§ TASK INPUT
:::::

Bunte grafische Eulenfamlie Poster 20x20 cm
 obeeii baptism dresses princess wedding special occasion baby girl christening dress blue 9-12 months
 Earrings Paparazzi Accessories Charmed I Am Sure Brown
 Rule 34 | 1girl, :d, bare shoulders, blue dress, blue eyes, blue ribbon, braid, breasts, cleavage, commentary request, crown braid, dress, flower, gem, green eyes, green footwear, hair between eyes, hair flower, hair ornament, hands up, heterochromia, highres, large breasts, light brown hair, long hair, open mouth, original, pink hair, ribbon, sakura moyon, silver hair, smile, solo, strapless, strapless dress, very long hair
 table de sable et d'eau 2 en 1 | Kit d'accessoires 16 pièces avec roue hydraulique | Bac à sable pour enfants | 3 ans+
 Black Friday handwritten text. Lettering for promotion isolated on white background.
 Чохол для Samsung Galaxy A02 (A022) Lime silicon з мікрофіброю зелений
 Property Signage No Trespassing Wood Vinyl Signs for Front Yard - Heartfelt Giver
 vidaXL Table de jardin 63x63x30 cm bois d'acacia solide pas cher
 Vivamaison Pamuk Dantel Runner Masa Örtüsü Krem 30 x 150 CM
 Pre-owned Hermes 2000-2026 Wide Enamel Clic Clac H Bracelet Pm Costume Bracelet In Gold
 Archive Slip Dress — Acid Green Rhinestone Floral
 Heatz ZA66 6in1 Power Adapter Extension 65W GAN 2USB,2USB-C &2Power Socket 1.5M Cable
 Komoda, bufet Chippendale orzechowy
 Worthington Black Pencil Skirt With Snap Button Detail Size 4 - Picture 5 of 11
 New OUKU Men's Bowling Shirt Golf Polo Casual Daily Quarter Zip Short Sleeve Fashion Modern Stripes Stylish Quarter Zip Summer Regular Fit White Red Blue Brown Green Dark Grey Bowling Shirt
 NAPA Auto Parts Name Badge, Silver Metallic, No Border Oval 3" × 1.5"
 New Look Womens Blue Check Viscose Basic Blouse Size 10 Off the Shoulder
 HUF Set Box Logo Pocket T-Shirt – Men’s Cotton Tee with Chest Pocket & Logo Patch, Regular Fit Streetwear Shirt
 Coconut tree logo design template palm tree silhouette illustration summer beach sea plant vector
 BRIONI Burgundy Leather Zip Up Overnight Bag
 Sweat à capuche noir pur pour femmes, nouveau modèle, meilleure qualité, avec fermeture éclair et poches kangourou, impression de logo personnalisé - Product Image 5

:::::

§ EXERCISE
Output each record exactly, leaving nothing out.

§ ANSWER TO THIS TASK
Bunte grafische Eulenfamlie Poster 20x20 cm
 obeeii baptism dresses princess wedding special occasion baby girl christening dress blue 9-12 months
 Earrings Paparazzi Accessories Charmed I Am Sure Brown
 Rule 34 | 1girl, :d, bare shoulders, blue dress, blue eyes, blue ribbon, braid, breasts, cleavage, commentary request, crown braid, dress, flower, gem, green eyes, green footwear, hair between eyes, hair flower, hair ornament, hands up, heterochromia, highres, large breasts, light brown hair, long hair, open mouth, original, pink hair, ribbon, sakura moyon, silver hair, smile, solo, strapless, strapless dress, very long hair
 table de sable et d'eau 2 en 1 | Kit d'accessoires 16 pièces avec roue hydraulique | Bac à sable pour enfants | 3 ans+
 Black Friday handwritten text. Lettering for promotion isolated on white background.
 Чохол для Samsung Galaxy A02 (A022) Lime silicon з мікрофіброю зелений
 Property Signage No Trespassing Wood Vinyl Signs for Front Yard - Heartfelt Giver
 vidaXL Table de jardin 63x63x30 cm bois d'acacia solide pas cher
 Vivamaison Pamuk Dantel Runner Masa Örtüsü Krem 30 x 150 CM
 Pre-owned Hermes 2000-2026 Wide Enamel Clic Clac H Bracelet Pm Costume Bracelet In Gold
 Archive Slip Dress — Acid Green Rhinestone Floral
 Heatz ZA66 6in1 Power Adapter Extension 65W GAN 2USB,2USB-C &2Power Socket 1.5M Cable
 Komoda, bufet Chippendale orzechowy
 Worthington Black Pencil Skirt With Snap Button Detail Size 4 - Picture 5 of 11
 New OUKU Men's Bowling Shirt Golf Polo Casual Daily Quarter Zip Short Sleeve Fashion Modern Stripes Stylish Quarter Zip Summer Regular Fit White Red Blue Brown Green Dark Grey Bowling Shirt
 NAPA Auto Parts Name Badge, Silver Metallic, No Border Oval 3" × 1.5"
 New Look Womens Blue Check Viscose Basic Blouse Size 10 Off the Shoulder
 HUF Set Box Logo Pocket T-Shirt – Men’s Cotton Tee with Chest Pocket & Logo Patch, Regular Fit Streetwear Shirt
 Coconut tree logo design template palm tree silhouette illustration summer beach sea plant vector
 BRIONI Burgundy Leather Zip Up Overnight Bag
 Sweat à capuche noir pur pour femmes, nouveau modèle, meilleure qualité, avec fermeture éclair et poches kangourou, impression de logo personnalisé - Product Image 5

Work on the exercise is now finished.